Who watches the Watchmen? Six does!

Aug 15, 2007 21:08



I finally finished Alan Moore's "Watchmen," which I thought was excellent. Usually I can eat up a trade paperback comic in a day, but I took weeks with this. Not entirely on purpose, since I had a hard time getting the time to myself to sit down and focus, but I moved very slowly through anyhow. Each frame is so layered and rich. Two scenes unfold simultaneously, alternating cells on the page, while the diagetic dialog of each transposes itself onto the other. Sense of time and chronicling coexist at different speeds. Over what length of time does the story unfold? The doomsday clock is a great touch, too.
From a writer's perspective alone this is an opus. So much interweaving, mirroring, transition. I like the sense of history in the story as well- fictional, but similar enough to our reality that it makes me stop and think back about the way things really happened. Or the fantastically allusive story of the shipwreched seaman which is interwoven with all the events... Great stuff.

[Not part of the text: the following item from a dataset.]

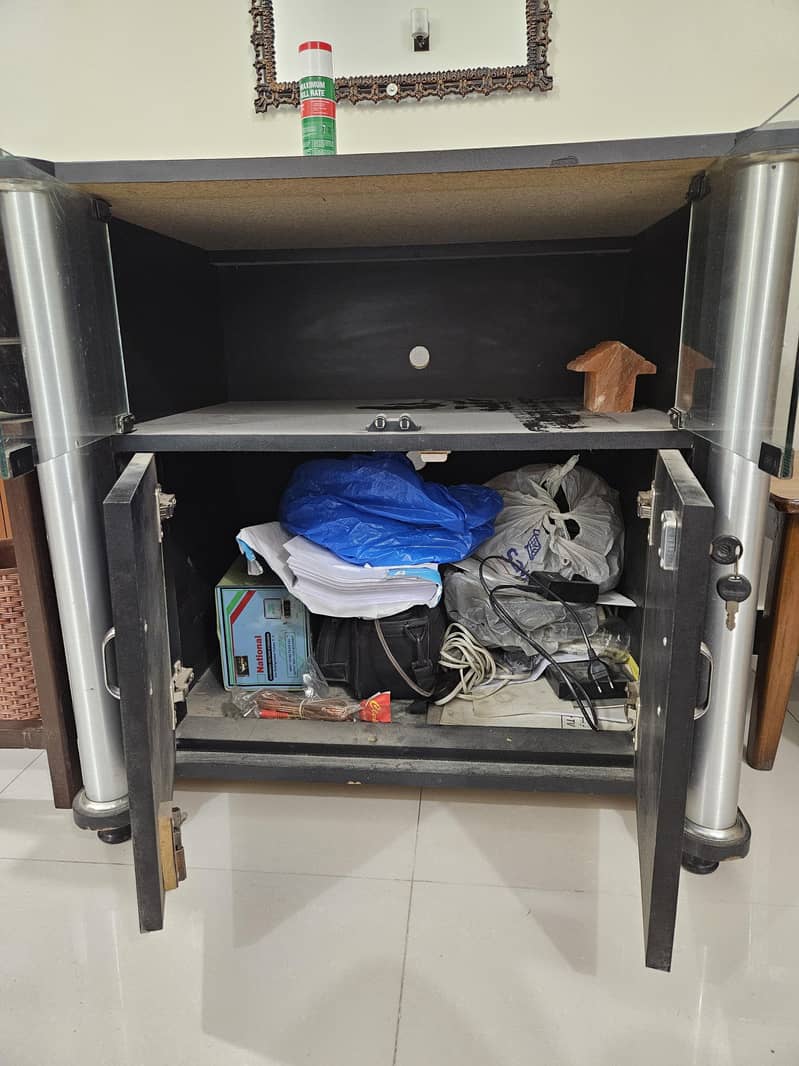 TV Trolley 2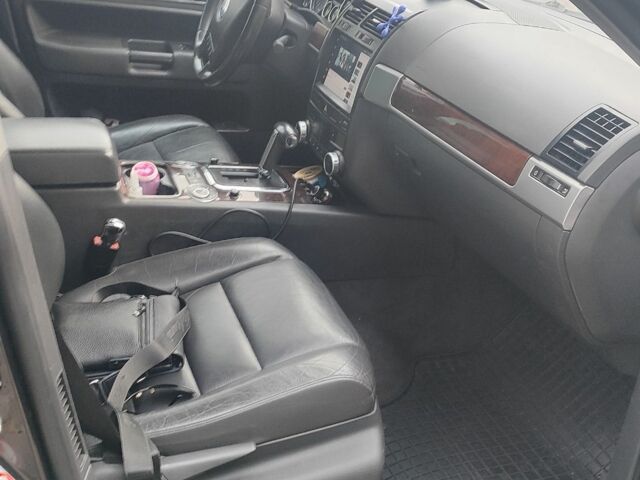 Чорний Фольксваген Туарег, об'ємом двигуна 2.5 л та пробігом 300 тис. км за 5500 $, фото 2 на Automoto.ua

This is by far one of the best examples I've ever seen of using the comic medium to it's full capacity. No wonder it's the winner of a Hugo award. In some ways it is cinematic, but in others it's completely beyond cinema - could all this layering be accomplished with voice overs (and do those ever really deliver?) Can the Dr. Manhattan "Watchmaker" book be brought to film in some sort of twisted vomit containing leftover Memento? Will all the repeated images (and even cell "framing") stitch together so rewardingly onscreen? How does the "foil" structure so prevalent in the comic appear on screen? Can the film be as self-aware as the comic (a la Fight Club?) I would really love to see it, because it could have a great deal of potential.





So apparently someone is trying to make this happen but I'll leave out my own 2 cents on that until much later.



Some of the cast.



A still from a 300 trailer. Or just a fake put together by some dudes with a white T shirt and a sharpie.

Jeremy and I were talking about the film adaptation, and we think that maybe De Palma (not today, but maybe De Palma in his prime) could handle it. Or I think David Fincher could. The problem I have with the director attached to the project, or at least my greatest fear, is that it's not the big action that makes Watchmen so fascinating. I mean, even Alan Moore and Dave Gibbons knew that - the simple rectangular cells lay in the same static form from page to page, nothing breaking the frame or creating excess motion (like Frank Miller's style). The action seems purposely understated, and instead, the normal-ness of the characters takes an odd center stage. I remember being shocked when Rorschach's face was shown because he's so plain and un-anything it's completely banal. Don't get me wrong, there are plenty of scenes in the book to spawn huge action scenes, but if that came to be would the heart of the story be gone?



Six was interested in The Watchmen too.